(The data begins)

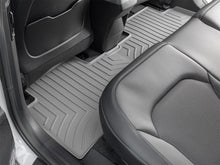 Load image into Gallery viewer, WeatherTech 22-25 Kia EV6 2nd Row Rear FloorLiner HP - Grey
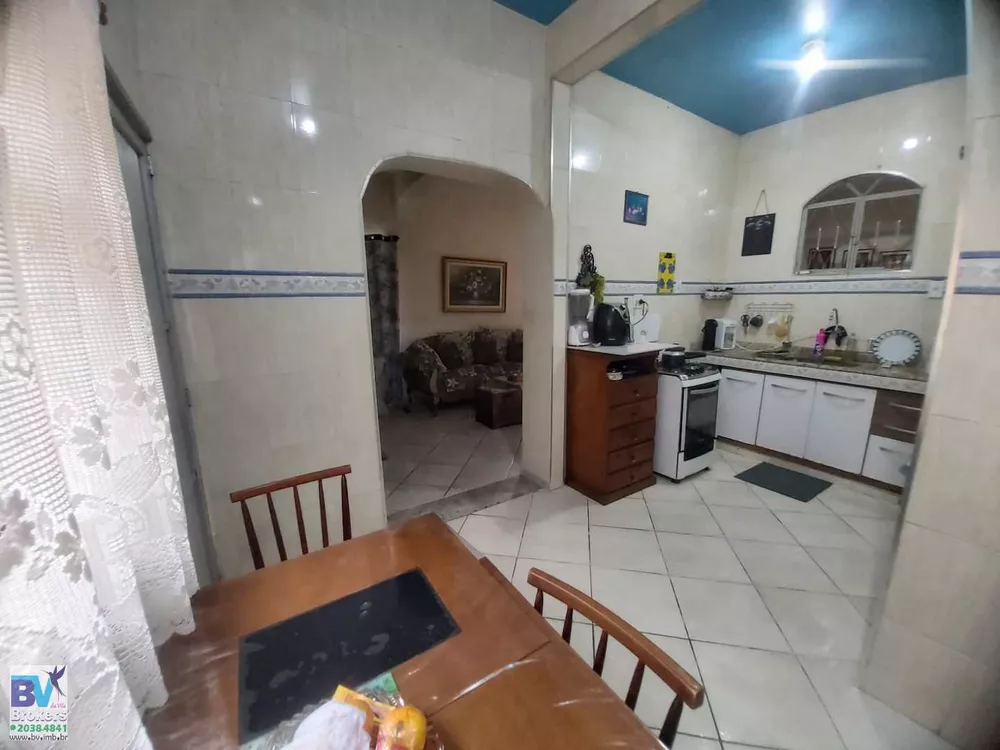 Casa, 2 quartos, 100 m² - Foto 33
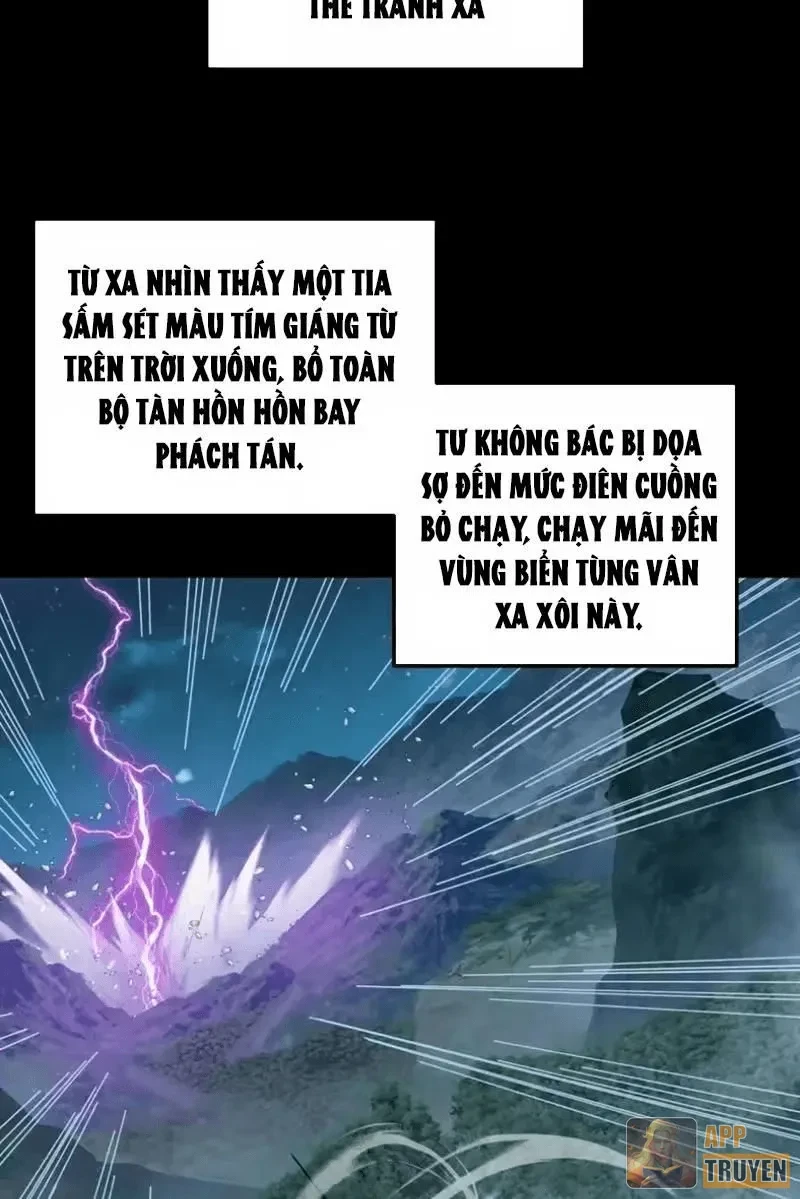 Ta Mô Phỏng Con Đường Trường Sinh Chapter 50 - 7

(The data ends)

» Aim of the exercise: Give every line above again exactly, omitting whatever pictures appear.

» Expected answer:
 Load image into Gallery viewer, WeatherTech 22-25 Kia EV6 2nd Row Rear FloorLiner HP - Grey
 Casa, 2 quartos, 100 m² - Foto 33
 Ta Mô Phỏng Con Đường Trường Sinh Chapter 50 - 7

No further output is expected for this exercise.